II. Yazı Devrimi:
Yazı devrimi ile burada alfabe değişikliği, dilde özleştirme çabaları ve Türk dili hakkında ortaya atılan teoriler kast edilmektedir. Dilde özleştirme çabalarının en önemli başlangıç noktası Latin alfabesinin kabul edilmesi olmuştur.
Arap alfabesinin yetersizliği konusundaki tartışmalar Tanzimat dönemine kadar gitmektedir. Arap alfabesinin Türk fonetiği açısından yetersizliği ilk olarak medrese kökenli Ahmet Cevdet Paşa tarafından 1851’de Encümen-i Dâniş’te öne sürülmüştür. Cevdet, Arap alfabesinin Osmanlı Türkçesindeki bazı sesleri karşılayamadığından hareketle soruna bir çözüm bulunması gerektiğini savunuyordu. Encümen-i Dâniş bu teklifi kabul etmiş fakat bunu uygulamaya koyamamıştır. Daha sonra benzer tekliflerin Münif Paşa tarafından 1862 yılında tekrar gündeme getirdiği görülmektedir (Sadoğlu: s. 216).

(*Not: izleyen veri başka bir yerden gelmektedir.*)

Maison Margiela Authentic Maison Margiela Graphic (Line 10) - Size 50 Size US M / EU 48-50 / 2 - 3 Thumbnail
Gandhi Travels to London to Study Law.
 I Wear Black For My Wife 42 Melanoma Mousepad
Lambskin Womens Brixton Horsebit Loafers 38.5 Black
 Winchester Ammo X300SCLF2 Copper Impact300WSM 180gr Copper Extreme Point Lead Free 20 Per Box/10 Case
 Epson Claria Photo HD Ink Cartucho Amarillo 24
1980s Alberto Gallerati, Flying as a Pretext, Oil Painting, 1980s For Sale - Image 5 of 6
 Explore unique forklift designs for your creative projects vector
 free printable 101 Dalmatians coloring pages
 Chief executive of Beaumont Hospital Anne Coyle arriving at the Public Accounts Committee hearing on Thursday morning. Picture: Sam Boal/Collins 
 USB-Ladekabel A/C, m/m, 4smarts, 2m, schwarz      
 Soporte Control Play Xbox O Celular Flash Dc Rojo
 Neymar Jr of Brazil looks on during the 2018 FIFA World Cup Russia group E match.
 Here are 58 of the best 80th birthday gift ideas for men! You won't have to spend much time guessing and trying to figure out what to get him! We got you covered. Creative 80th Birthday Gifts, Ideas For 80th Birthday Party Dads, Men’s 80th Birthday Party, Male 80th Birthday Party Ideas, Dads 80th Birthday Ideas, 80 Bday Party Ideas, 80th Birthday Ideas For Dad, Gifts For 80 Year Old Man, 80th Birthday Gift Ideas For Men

Burada dikkat edilmesi gereken husus Arap alfabesinin uygulamadaki bazı sıkıntılarını değinilmekle birlikte başka bir alfabeyle değiştirilmesi gerektiği hususunun söz konusu bile edilmemiş olmamasıdır. Arnavutların Latin harflerini kabulü hususundaki girişimleri ise Türk kamuoyunu ikiye bölmüştü. Bir yandan Latin alfabesine geçilmesi gerektiği savunulmakta öte yandan ise bunun Türk-İslam birliğine zarar vereceği görüşü ortaya atılmaktaydı. Örneğin, Namık Kemal’e göre mevcut Arap harflerinin ıslahından bahsedilebilirdi. Ancak sorun bütünüyle harflerden değil; eğitim sisteminin bozukluğundan kaynaklanıyordu. Bu anlamda hiçbir alfabenin gelişmeye engel teşkil ettiği de iddia edilemezdi. Üstelik yeni alfabenin bütün sesleri tam anlamıyla karşılaması bir avantaj olmadığı gibi mümkün de değildi. Bununla birlikte Namık Kemal’in Arnavutların Latin alfabesini benimseyecek olmasına karşı çıkmış olmasının diğer bir nedeni ise bunun İslam kültür çevresinde bir kopuşa neden olacağı endişesiydi( Sadoğlu: 218-19).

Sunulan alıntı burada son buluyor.